Droplet microfluidics

Microfluidic systems take advantage of the properties of fluid flow on the microscale to the widest possible range. Research in this area include theoretical analysis, fluid behavior and applications based on this regime [16]. Microfluidic platforms operate both in the continuous flow regime and in the segmented flow regime. In the second case, droplets are used as individual reaction chambers, alike conventional techniques used in standard laboratories, but orders of magnitude smaller with higher control and precision [3].

Droplet-based microfluidics is an adaptable tool for extensive applications, attributed to have a number of advantages [6],[8]-[10]. In a channel microfluidic device, two separate and immiscible liquid streams are forced into channels. The shear force at the point where they meet creates (usually aqueous) droplets that are encased within a continuous fluid (generally oil). Each droplet is a self-contained vessel, isolated from other droplets and from the channel walls by the oil phase.

Droplet Generation Techniques

Several different techniques for droplet generation have been extensively proposed and reviewed in macroscopic configurations [1],[12],[15]. Nevertheless, these methods cannot produce monodisperse droplets, thus making them unsuitable for biological or medical applications. Hence, microfluidic techniques have been proposed in order to overcome these limitations. The highly complex physics of droplet generation in microfluidic systems is not completely understood yet, but there is enough information in order to implement droplets on microfluidic devices successfully. There are three main techniques for droplet generation that have been conventionally used: T-junction, co flow, and flow focusing. Each technique has a different mechanism of pinch-off in order to form the droplets as depicted in figure 1.

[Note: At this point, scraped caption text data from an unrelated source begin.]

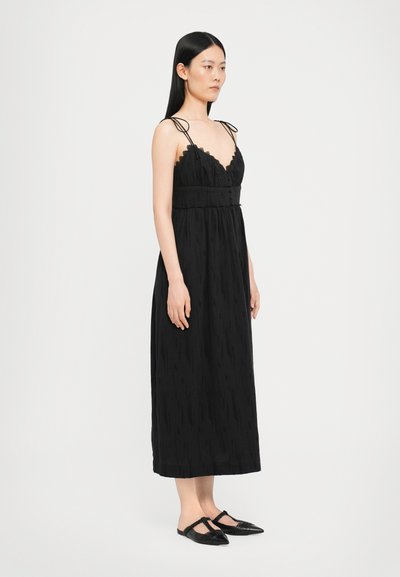Schwarzes Maxikleid mit Spaghetti-Trägern, strukturiertem Stoff und angepasstem Oberteil. Verfügt über eine Spitzenborte und eine taillierte Taille. Ein Paar schwarze Ballerinas.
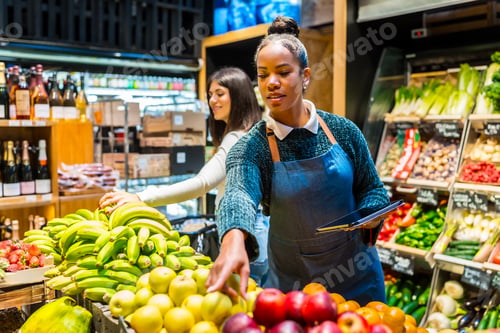 Preview: Saleswoman arranging fresh fruit in organic supermarket with customer choosing bananas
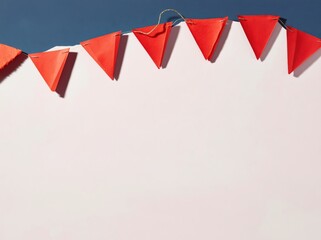 Obraz premium Red bunting flags on a string hanging over a light surface with copy space for autumn festival announcements, party planning blogs and festive event invitations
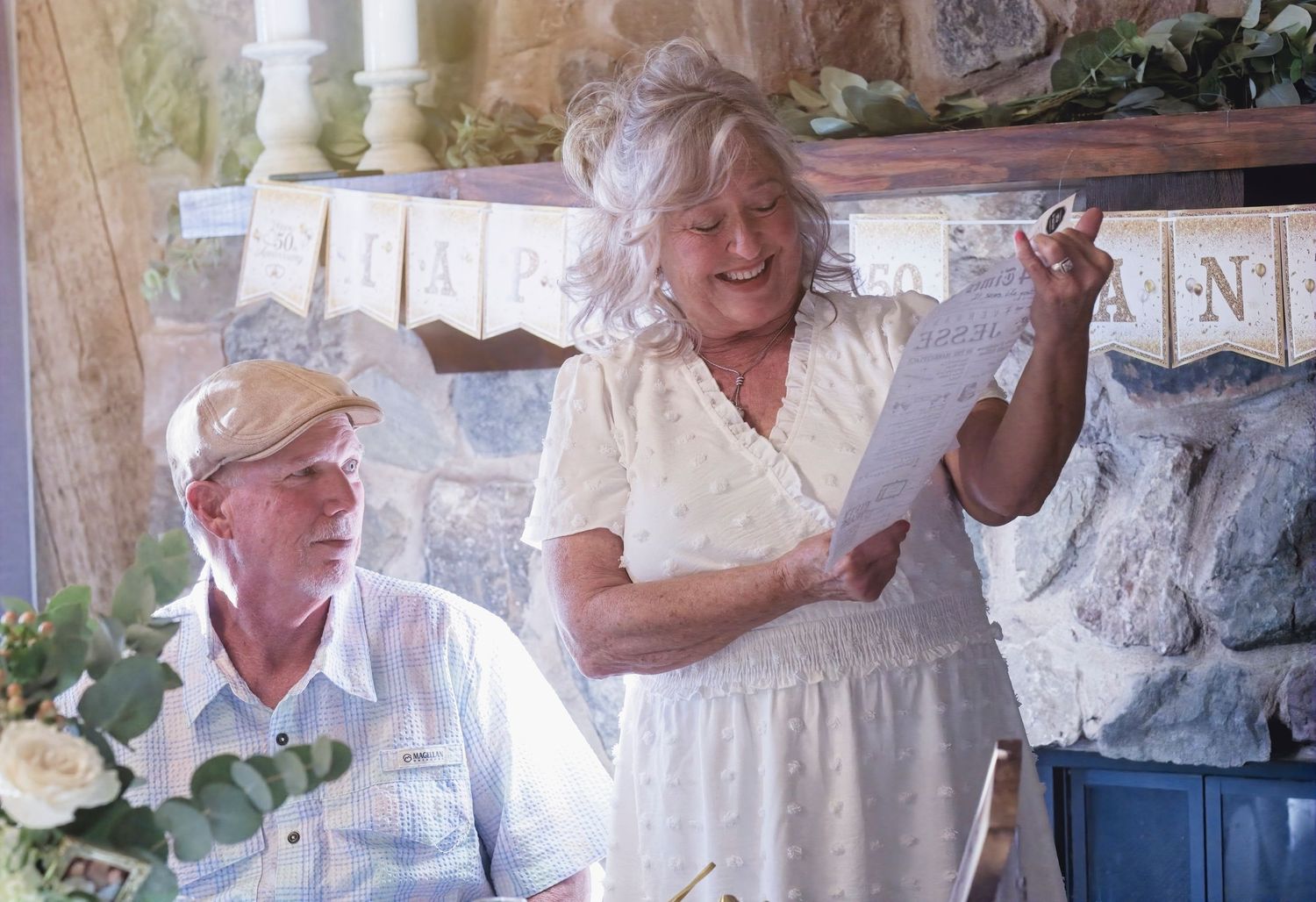 Two people in white outfits sitting together in a rustic outdoor setting.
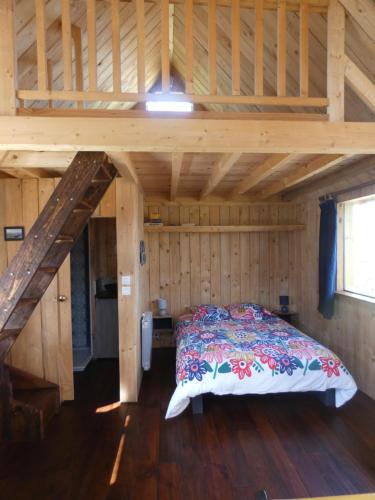 une chambre avec un lit dans une cabane en bois dans l'établissement Le chalet de la Ferme Feugère, à Barbeville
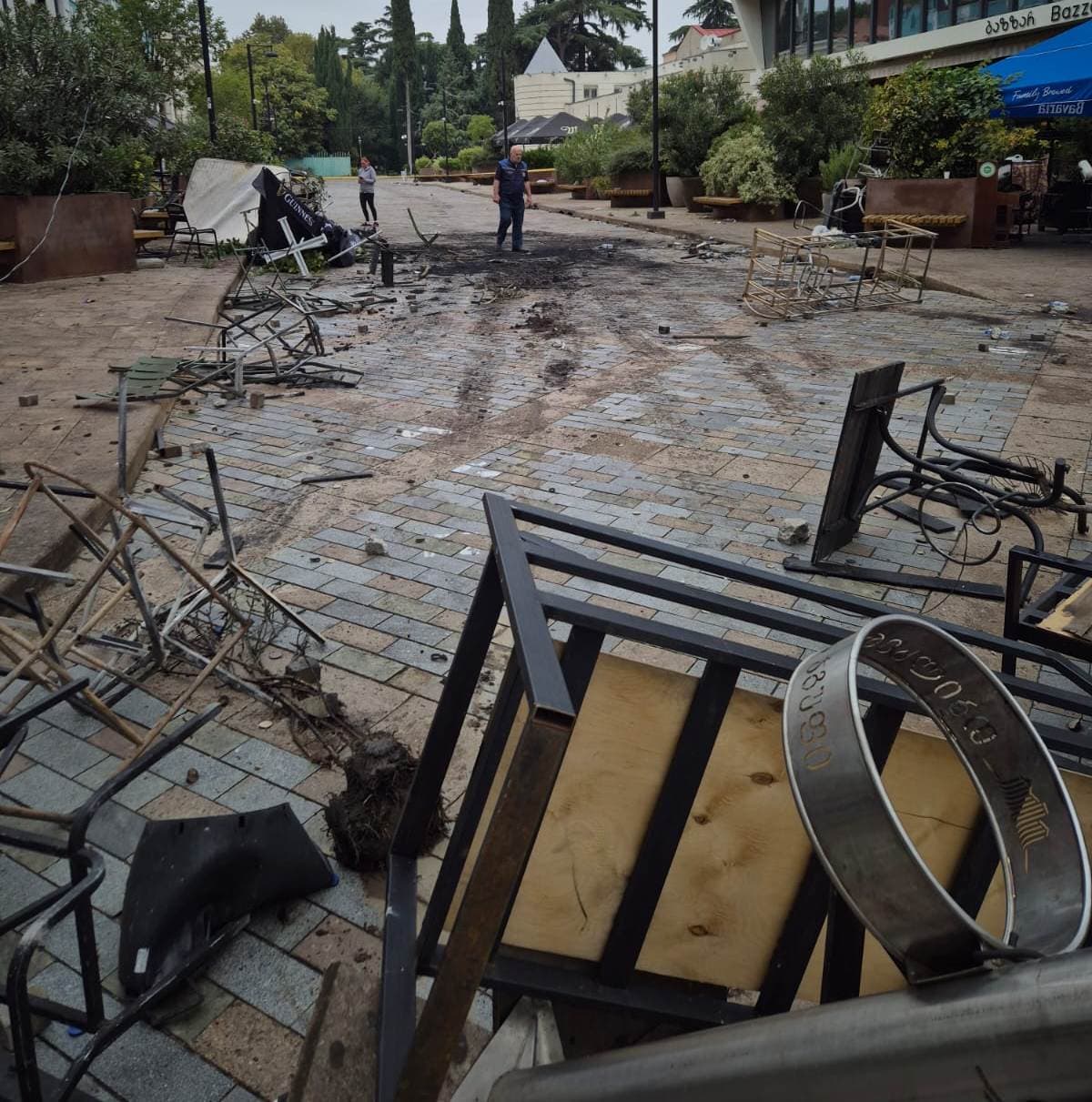 <p style="text-align: justify">The Tbilisi City Hall on Sunday released a statement and photo-video materials detailing damage caused to municipal infrastructure and public property during last night’s protests in the capital.</p><p style="text-align: justify">According to the statement, the protests resulted in harm to several cultural heritage sites and city infrastructure, including facades, decorative lighting, and public amenities in central areas.</p><p style="text-align: justify">“Unfortunately, the protests have caused damage to cultural heritage facades, shutters, and parts of artistic decorative lighting installations. On Orbeliani and Tabukashvili Streets and Rustaveli Avenue, pedestrian pavements, cobblestones, streetlight fixtures, and cables were damaged. Decorative lights on Orbeliani Street were torn down and broken, while waste containers on Tabukashvili Street were burned,” the statement said.</p><p style="text-align: justify">City Hall added that street furniture owned by private companies and café operators was also destroyed. The fence surrounding the Presidential Administration’s courtyard was broken, and nearby bollards separating pedestrian and vehicle zones were bent or damaged.</p><p style="text-align: justify">Various other public elements - including swings, plants, flowerpots, and decorative landscaping - were also heavily damaged, with some completely destroyed. Road signs, a barrier gate near the underground parking area, display boards, and a decorative stage above the parking site were reported broken.</p><p style="text-align: justify">Tbilservice Group, the city’s waste and maintenance service, began clean-up work after gaining access to the area. Burnt and broken materials were removed, and the affected locations were cleaned and organised.</p><p style="text-align: justify">“At this stage, municipal departments are working on-site to restore the damaged infrastructure and return the area to its original condition,” the statement concluded.</p>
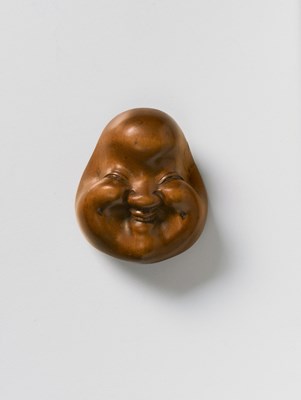 Lot 134 - A JAPANESE MASK NETSUKE OF OTO
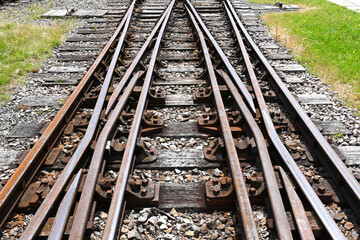 Obraz premium Rails converging at a set of points on a railway track. No people.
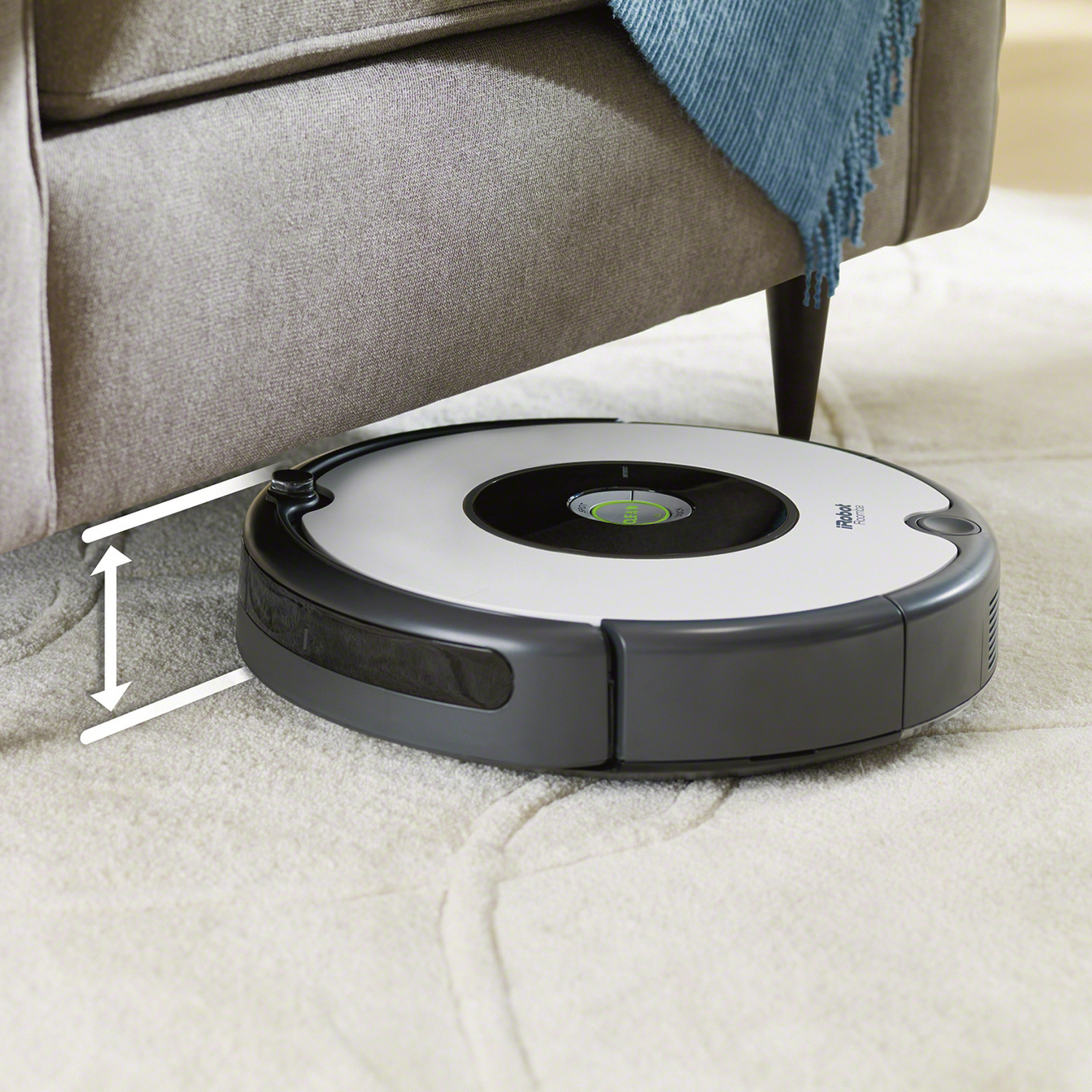 Una aspiradora robot debajo de un sofá, limpiando una alfombra sobre una alfombra blanca.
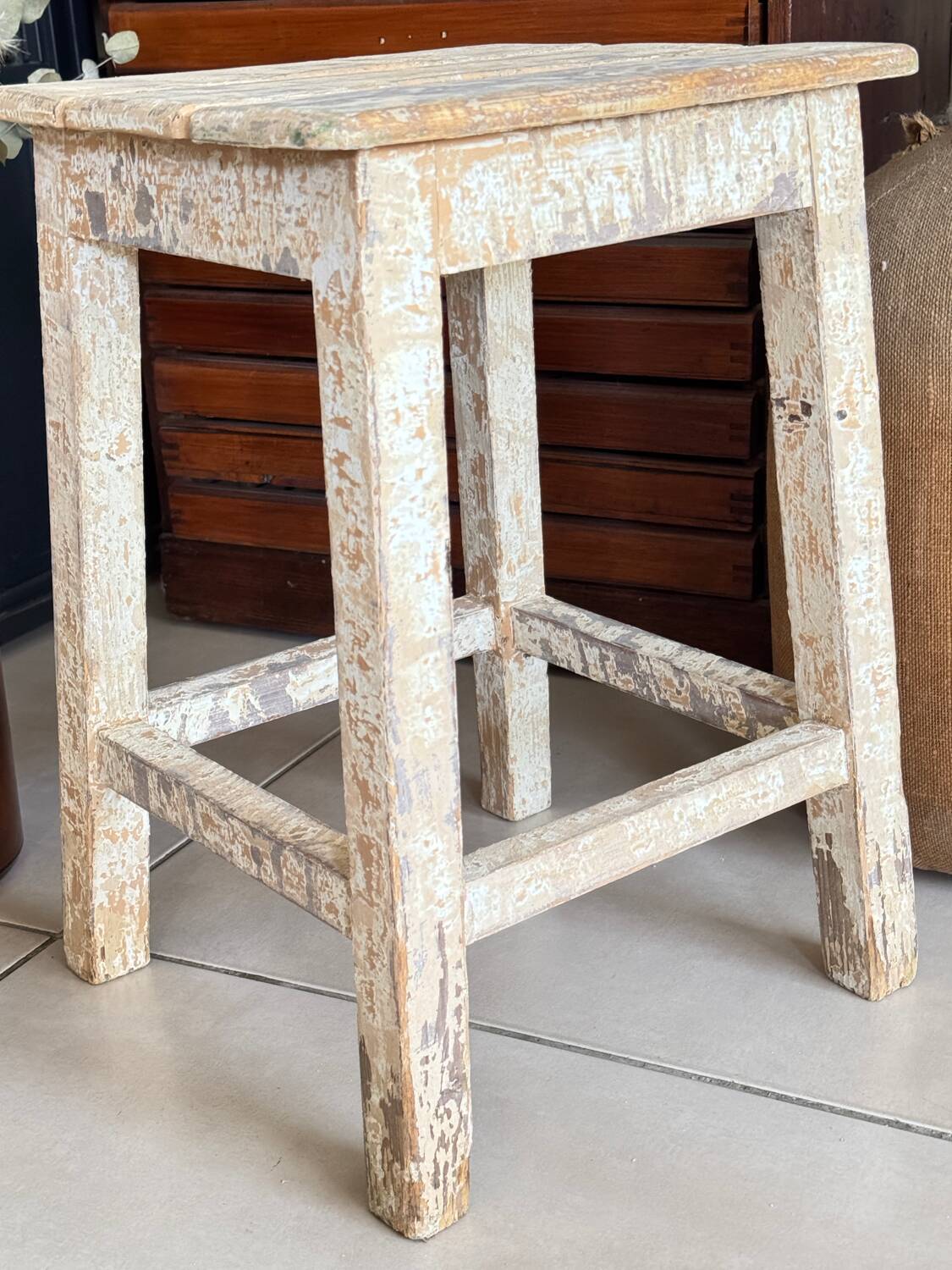 Old wooden stool with square seat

Figure 1. Schematic representation of the most popular droplet generation methods [17].

T-junction

The T-junction method uses a simple junction (often formed like the letter “T”) where the continuous and the dispersed phase meet at an angle. The disperse phase upon reaching the continuous phase pinches off in the droplet form, induced by shear stress exerted by the continuous phase, and gets carried in its stream [13]. The droplet detaches from the fluid thread before it can block the full width of the continuous phase channel. This is a straightforward method and different regimes are obtained based on the capillary number [9].

Co flow

In the co flow design, the dispersed phase and the continuous phase meet in parallel. A capillary is inserted in a surrounding channel in such a way that the fluid in the surrounding channel completely engulfs the capillary and any liquid that is ejected out of it [12]. Therefore, the channel carrying the water phase is completely covered by the oil stream. This method is again dominated by the capillary number or rather the flow rates of the two streams yielding different flow regimes [4].

Flow focusing

This model is a modified version of the co-flow device and produces more uniform droplets than the T-junction and the co-flow systems. Here the co flowing of two or more phases are accelerated and elongated in a constriction of the channel (orifice). The presence of the orifice structure in the parallel flow system creates different flow regimes based on the flow rates of the two phases [13].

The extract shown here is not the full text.